A SBM avalia que a falta de informação sobre o
câncer de mama atrapalha o diagnóstico e o tratamento. Para atualizar a
sociedade sobre a doença, a entidade faz uma pesquisa online. No
questionário, os profissionais também querem saber se as mulheres confiam no
autoexame como forma de prevenir a doença. Eles também querem identificar
gargalos que atrasam o acesso aos mamógrafos e o tempo que a paciente pode ter
de esperar entre a confirmação e o início do tratamento. Esse tempo, não pode
passar de 60 dias por determinação legal.

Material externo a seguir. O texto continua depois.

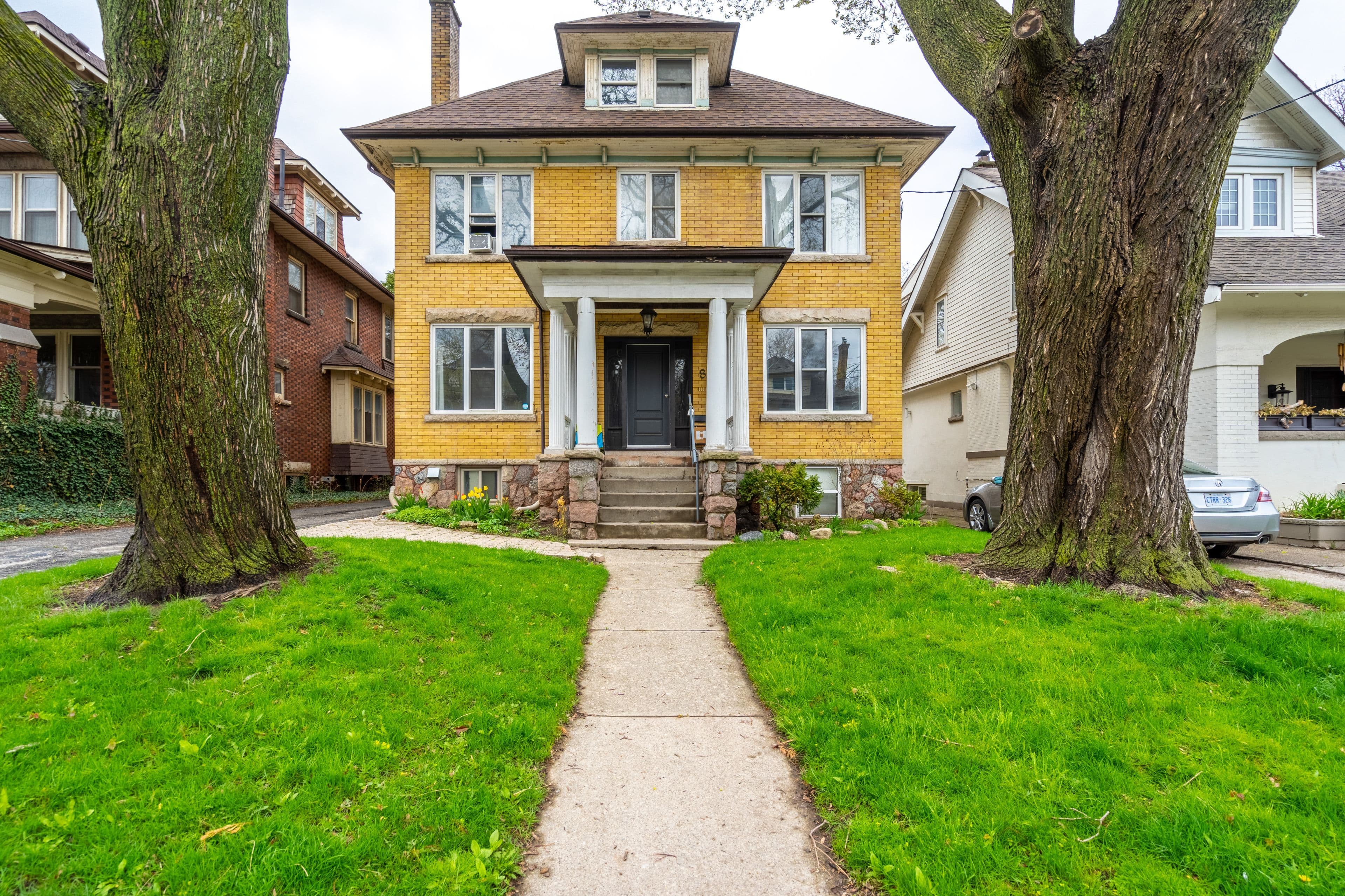 80 St. Clair Avenue 3, Hamilton, ON L8M 2N5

“Temos alguns levantamentos brasileiros mostrando
que no sistema público os tumores são diagnosticados de forma tardia e que,
quando existe uma queixa, de nódulo na mama, ou existe queixa de alteração no
seio, há uma demora no diagnóstico. As mulheres têm dificuldade de marcar
mamografia, biópsia, agendar consulta com especialistas. Então, queremos
entender, em diferentes regiões e perfis de pacientes, aprender, como agilizar
as duas etapas”, explica o médico.
Com a pesquisa, a primeira da SBM que consulta
diretamente as mulheres, há ainda perguntas acerca de sinais, sintomas, fatores
de risco e eficiência de campanhas. Para responder, é preciso ser mulher, ter
mais de 18 anos e cerca de dez minutos disponíveis. O resultado deve ser
anunciado até o fim deste mês. O questionário está no link: https://lnkd.in/d343z9W.

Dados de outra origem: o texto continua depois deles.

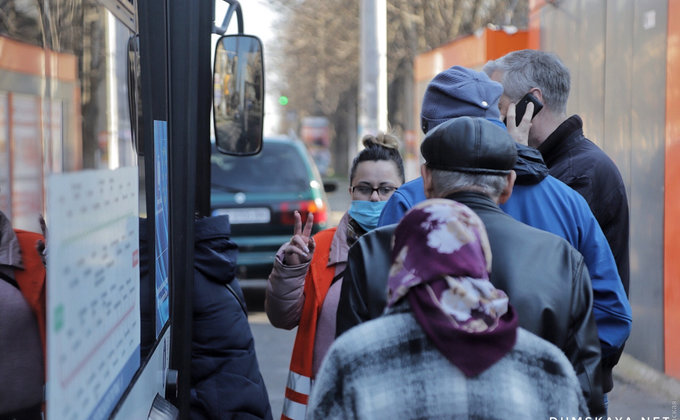 Карантин в Одессе. Люди блокируют трамваи и угрожают водителям: фото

O Ministério da Saúde e o Instituto Nacional de
Câncer (INCA) confirmam a orientação da SBM sobre o autoexame. Orientam a
mulher a apalpar as mamas sempre que se sentir confortável, a qualquer tempo,
sem nenhuma recomendação técnica específica ou periódica. Os dados oficiais
mostram que é mais comum mulheres identificarem caroços no seio casualmente (no
banho ou na troca de roupa) do que no autoexame mensal. A mudança, de acordo
com o ministério, surgiu do fato de que, na prática, muitas mulheres
descobriram a doença a partir de uma observação casual e não por meio de uma
prática sistemática de se autoexaminar.
Outra recomendação é que mesmo sem sintomas,
mulheres a partir dos 40 anos façam anualmente o exame clínico das mamas e
aquelas entre 50 e 69 anos, no caso de baixo risco, se submetam a mamografia,
pelo menos, a cada dois anos. Esta periodicidade leva em conta benefícios e riscos
da mamografia, que é um raio-X capaz de identificar tumores pequenos. Já
mulheres consideradas de alto risco devem procurar acompanhamento
individualizado. Este grupo inclui aquelas com história familiar de câncer de
mama em parente de primeiro grau antes dos 50 anos.

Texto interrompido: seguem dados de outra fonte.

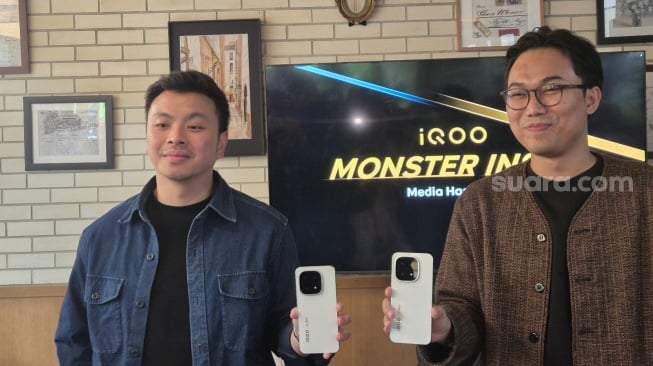 Deretan smartphone iQOO ramaikan 2025 dalam Media Hands On iQOO 15 di Jakarta, Rabu (17/12/2025). [Suara.com/Dythia]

O câncer de mama é o tipo de câncer mais frequente
na mulher brasileira, com alta letalidade. Nesta doença, ocorre um
desenvolvimento irregular das mamas, que se multiplicam até formar um tumor
maligno. Os médicos não identificaram as causas precisas da doença, mas alertam
para o crescente número de mulheres abaixo de 40 anos em tratamento.
Hábitos saudáveis e uma rotina de exercícios são as
principais recomendações para evitar qualquer tipo de câncer. O tratamento pode
variar entre cirurgia e quimioterapia.